Sztuczna inteligencja szybko zmienia sposób, w jaki państwa podchodzą do polityki zagranicznej i stosunków dyplomatycznych, a duże modele językowe stają się cennymi narzędziami w sprawach międzynarodowych.
Dzięki finansowaniu z Biura Głównego ds. Cyfrowych i Sztucznej Inteligencji Pentagonu, instytucje badawcze, takie jak Center for Strategic and International Studies (CSIS), eksperymentują z systemami AI, w tym ChatGPT i DeepSeek, aby rozwiązywać złożone problemy wojny i pokoju. Dzięki wsparciu finansowemu Biura Głównego ds. Cyfrowych i Sztucznej Inteligencji Pentagonu, laboratorium eksperymentuje z AI, takimi jak ChatGPT i DeepSeek, badając ich zastosowania w kwestiach wojny i pokoju. W ostatnich latach narzędzia AI trafiły do ministerstw spraw zagranicznych na całym świecie, wspierając rutynowe zadania dyplomatyczne, takie jak pisanie przemówień, jednak obecnie coraz częściej rozważa się ich wykorzystanie do podejmowania decyzji w sytuacjach o wysokiej stawce.

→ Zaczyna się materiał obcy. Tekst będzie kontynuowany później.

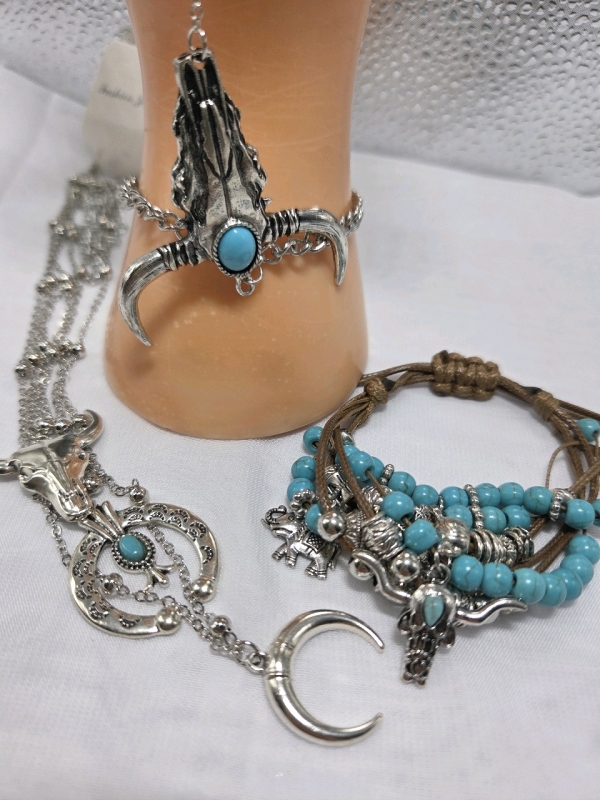 3 New | Unique Western Style Jewelry Set w/ Gorgeous Colored Gems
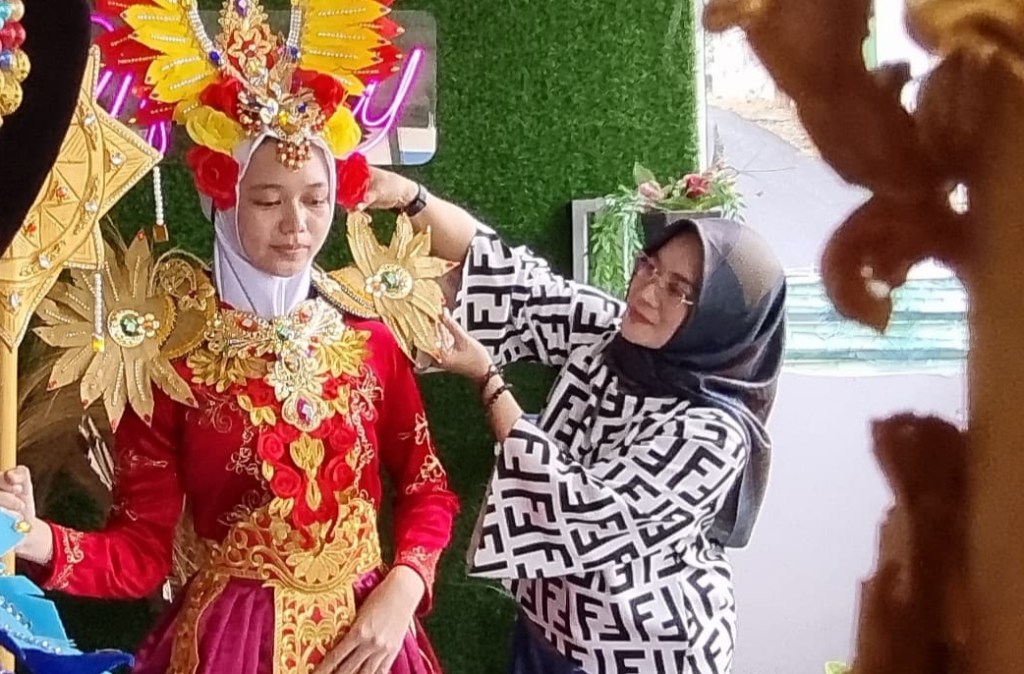 Bulan Agustus Jasa Sewa Kostum dan Baju Adat Banjir Order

Naukowcy testują potencjał AI w tworzeniu porozumień pokojowych, zapobieganiu wojnie nuklearnej i monitorowaniu przestrzegania zawieszenia broni. Rząd USA aktywnie rozwija te możliwości — zarówno Departament Obrony, jak i Departament Stanu eksperymentują z własnymi systemami AI. Wielka Brytania również pracuje nad „nowatorskimi technologiami”, które mają zrewolucjonizować praktyki dyplomatyczne, w tym wykorzystaniem AI do planowania scenariuszy negocjacyjnych. Podobne badania prowadzą nawet naukowcy w Iranie.
Jednym z obiecujących zastosowań jest symulowanie światowych przywódców, takich jak Władimir Putin z Rosji czy Xi Jinping z Chin, co pozwala dyplomatom testować reakcje na potencjalne kryzysy. Narzędzia AI mogą także wspierać monitorowanie zawieszenia broni, analizę zdjęć satelitarnych i egzekwowanie sankcji. „Rzeczy, które kiedyś wymagały pracy całych zespołów, mogą być częściowo zautomatyzowane” — mówi Andrew Moore, starszy doradca w Center for a New American Security.
Wizja Departamentu Stanu dotycząca integracji AI jest ambitna, ale napotyka wyzwania. „W jednej z wersji przyszłości Departamentu Stanu... załadowaliśmy depesze dyplomatyczne i wytrenowaliśmy [AI] na zadaniach dyplomatycznych”, a AI dostarcza użytecznych informacji przy rozwiązywaniu pilnych problemów dyplomatycznych. Alternatywny scenariusz „przypomina coś z filmu Idiokracja”, nawiązując do filmu z 2006 roku o dystopijnej przyszłości.
Pomimo potencjału technologicznego, eksperci wskazują na istotne ograniczenia. Stefan Heumann, współdyrektor berlińskiej Stiftung Neue Verantwortung, zauważa, że „ludzkie relacje — osobiste więzi między przywódcami — mogą zmienić bieg negocjacji. AI nie jest w stanie tego odtworzyć”. Sztuczna inteligencja ma także trudności z oceną długofalowych konsekwencji krótkoterminowych decyzji.
W miarę jak państwa ścigają się w rozwoju tych możliwości, integracja AI z polityką zagraniczną oznacza istotną zmianę w stosunkach międzynarodowych, łącząc innowacje technologiczne z niezastąpionymi, ludzkimi elementami dyplomacji.